__Data supplied__
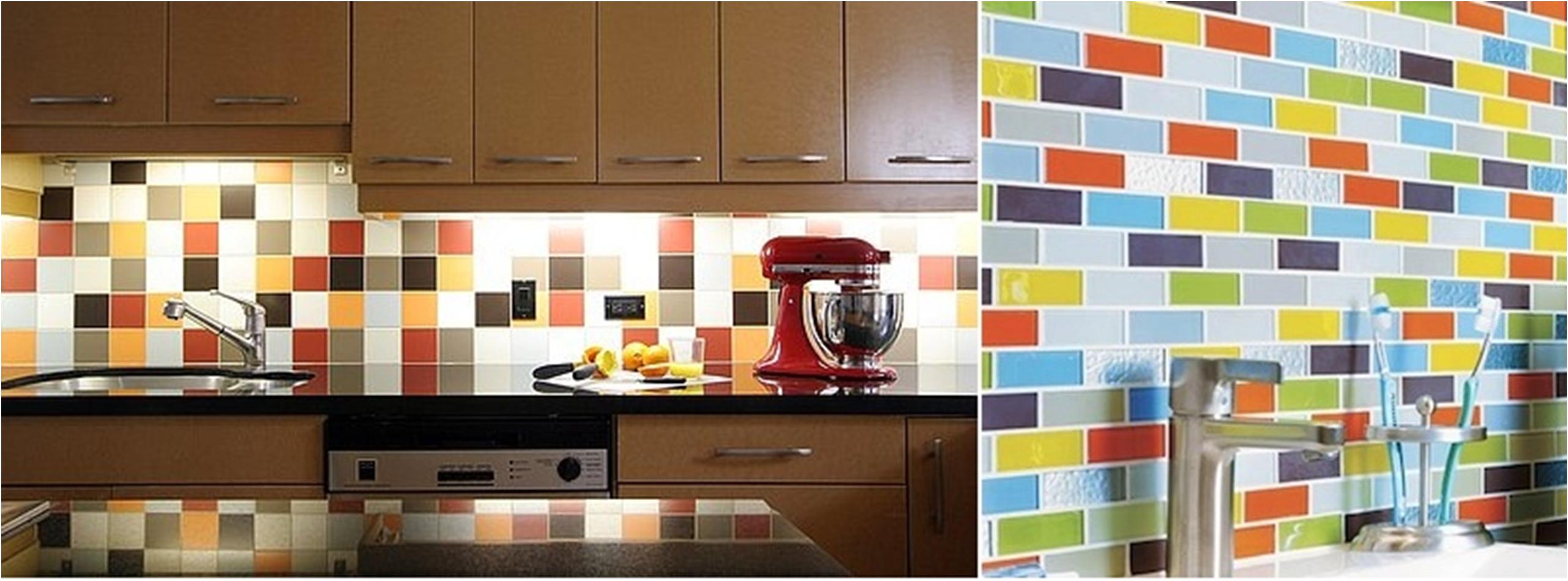 разноцветный фартук для кухни из плитки
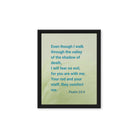 Psalm 23:4 Bible Verse, fear no evil Framed Canvas Print Wall Art Black 11″×14″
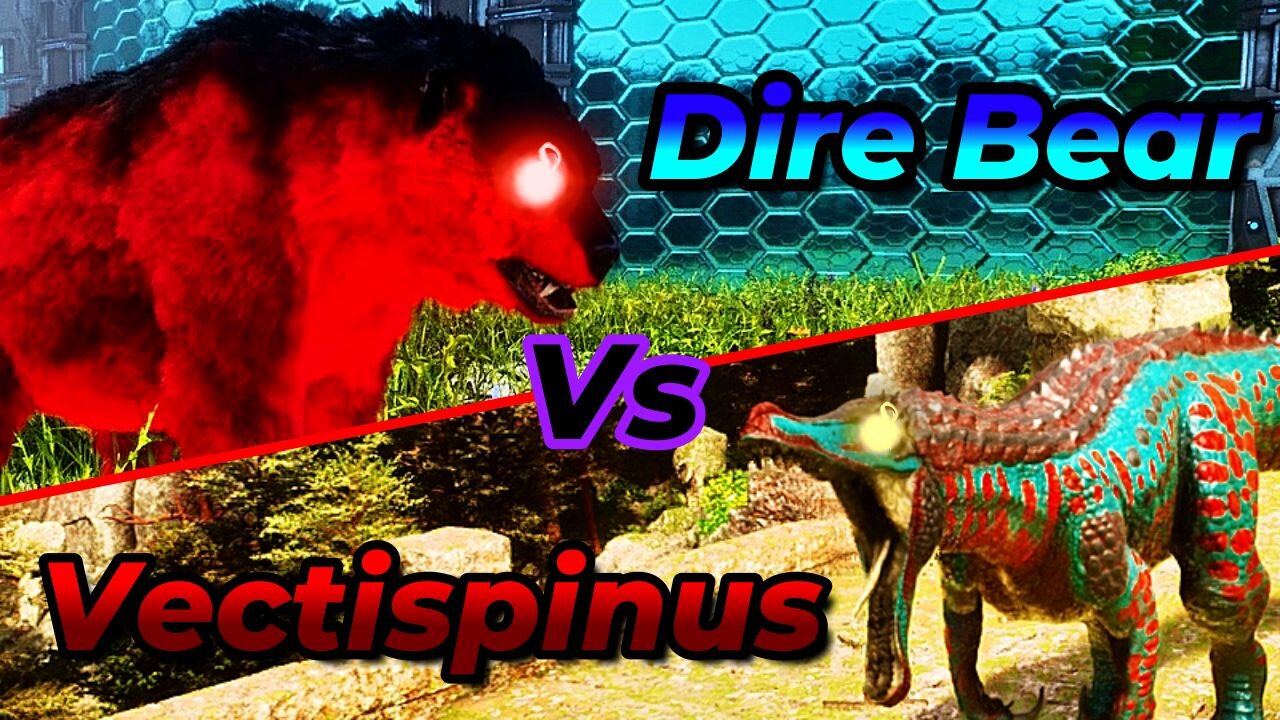 That's a big bear | Direbear Vs Carno\Raptor\Trike | Ark survival acsended | Ark Mods | Ark Battles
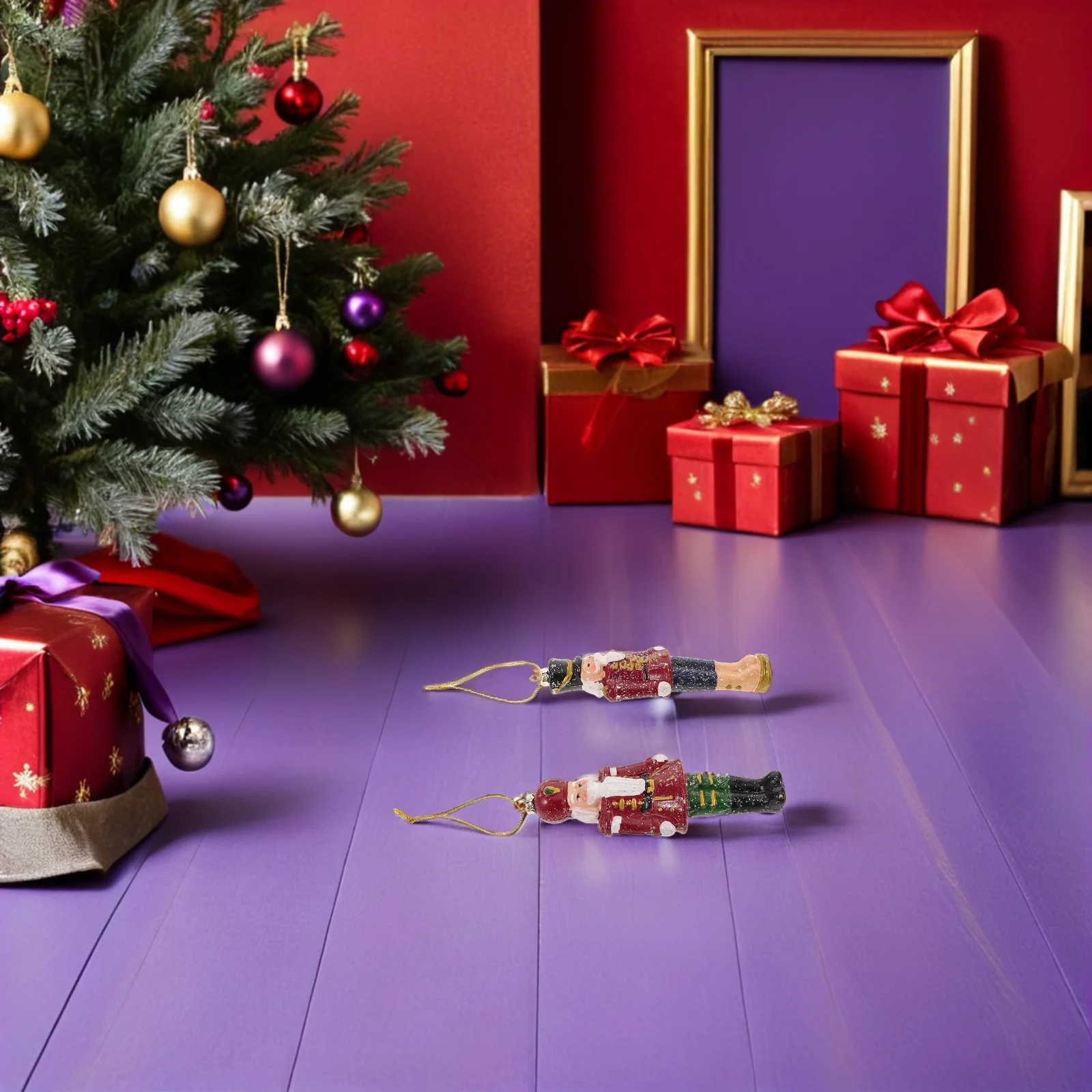 

3pcs Christmas Tree Decoration Nutcracker Soldier Ornaments Plastic Holiday Figures Hanging Xmas Decor For Window Fireplace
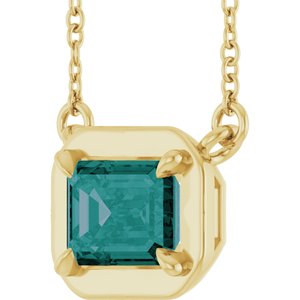 Claw-Prong Solitaire Bezel-Style Necklace or Center
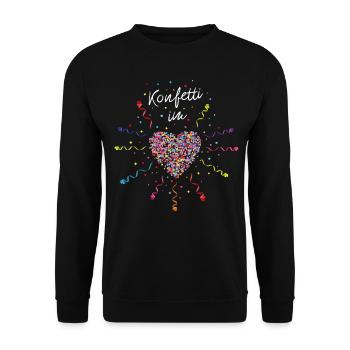 Konfetti im Herzen Karneval Kostüm - Unisex Pullover - Schwarz - Vorne - Alina (178cm) & Michal (187cm)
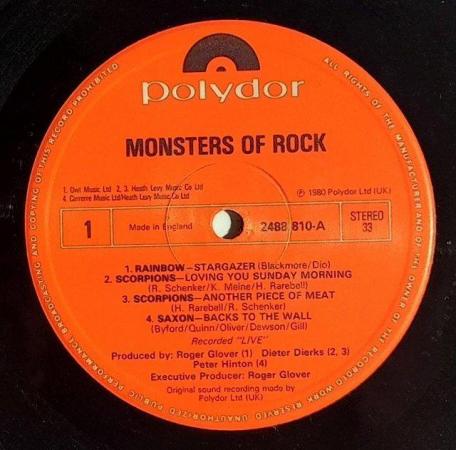 Image 3 of Rainbow ‘Monsters of Rock’ 1980 UK pressing LP NM/EX+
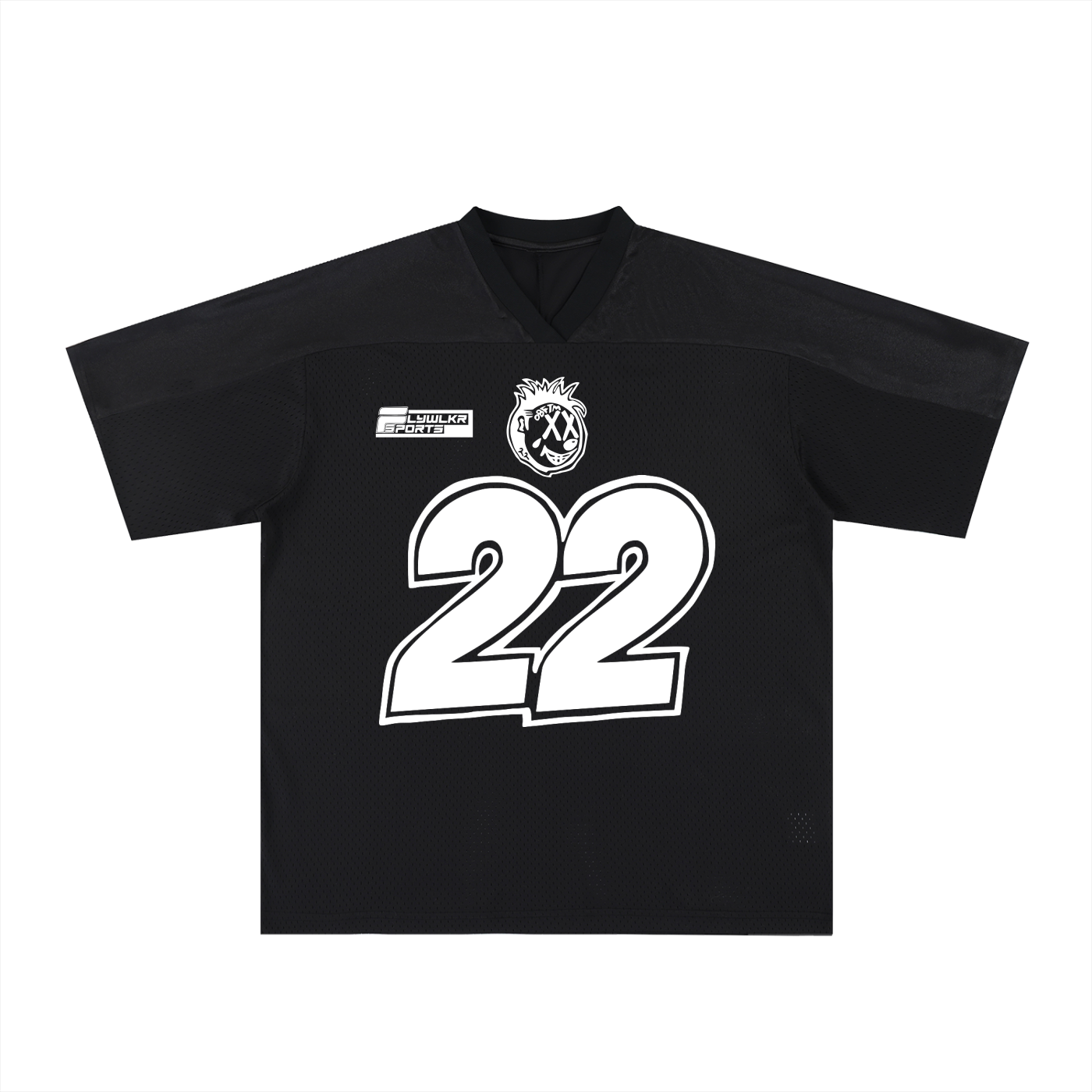 FLYWLKR "ORIGINALS" Oversized Mesh V-Neck Soccer Jersey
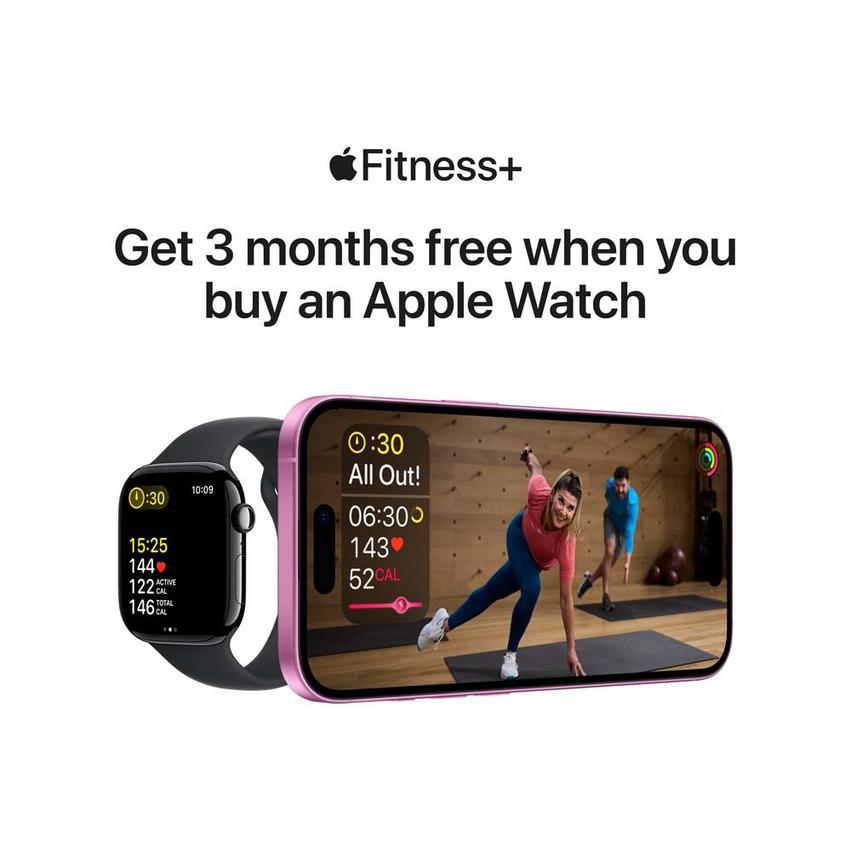Apple Watch series 9 GPS 44mm أبل ساعة اس إي 44 ملم جي بي اس، غطاء سماء الليل، سوار رياضي سماء الليل، صغير/متوسط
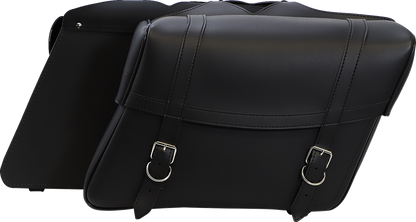Bill's Exhausts SADDLEMEN Highwayman slant-style saddlebags, Jumbo X021-02-042, mounted on motorcycle seat with leather finish.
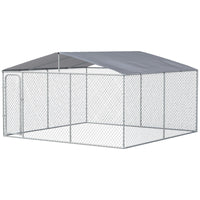 Gabbia Kennel per Cani da Esterno 400x230x232 cm in Metallo e Tetto in Tessuto Oxford Argento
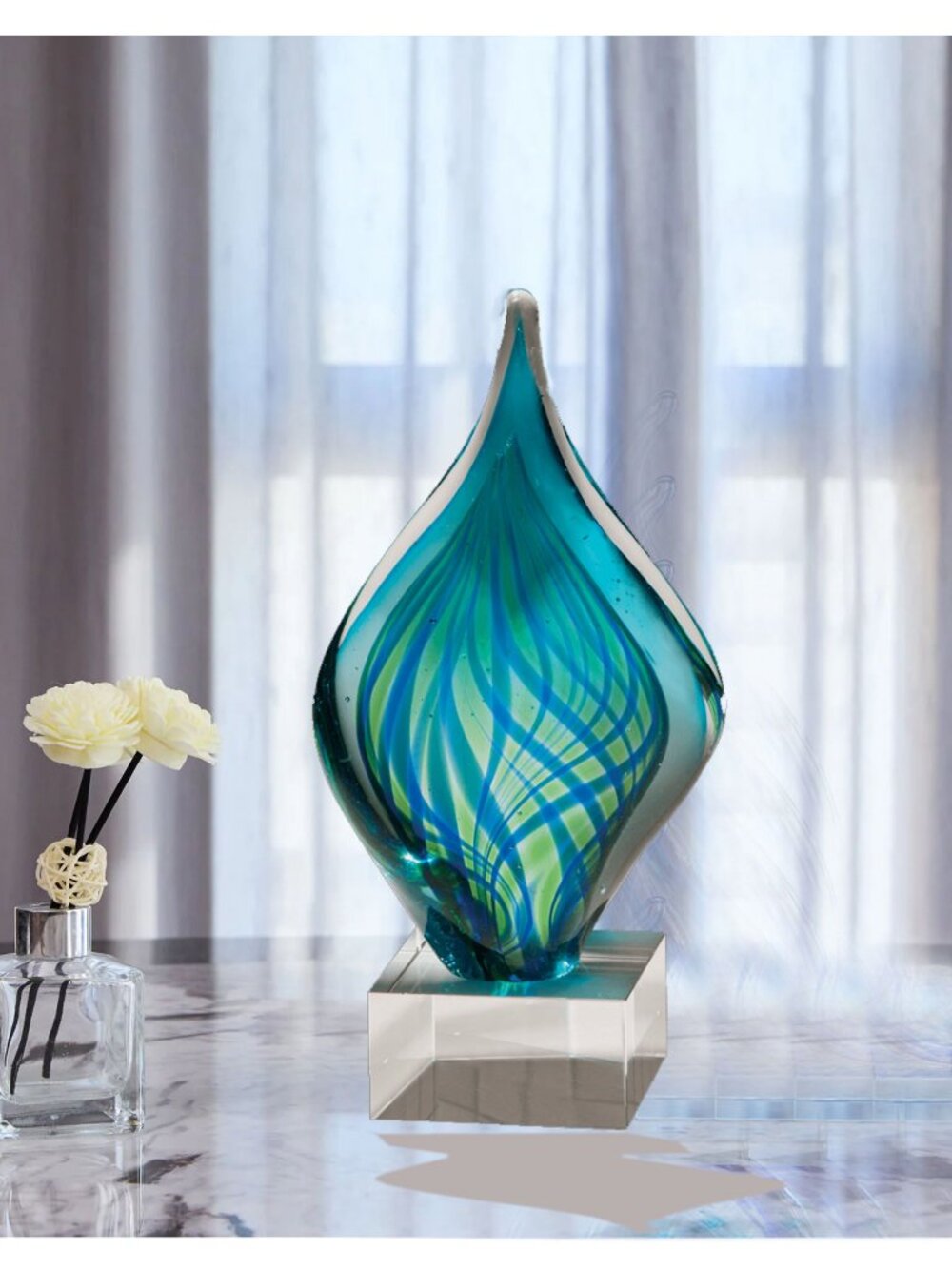 8 3/4" Blue and Green Twist Art Glass on Clear Glass FREE shipping
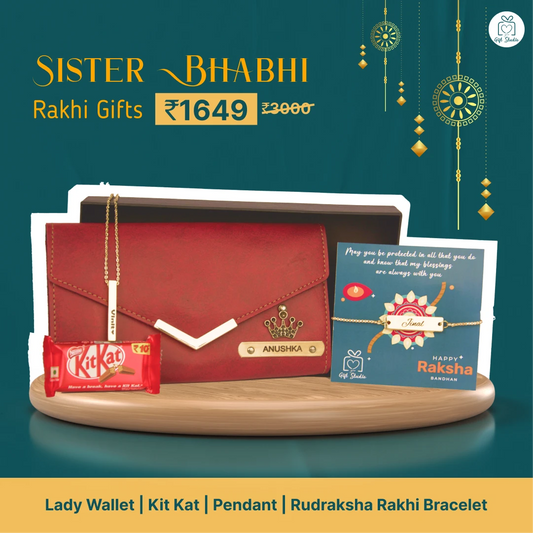 personalized lady wallet and rakhi combo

__Work request__
Starting where a line contains "Gabbia Kennel per" and finishing at the last line above, set down every line exactly as it reads, with no pictures.

__Written response__
 Gabbia Kennel per Cani da Esterno 400x230x232 cm in Metallo e Tetto in Tessuto Oxford Argento
 8 3/4" Blue and Green Twist Art Glass on Clear Glass FREE shipping
 personalized lady wallet and rakhi combo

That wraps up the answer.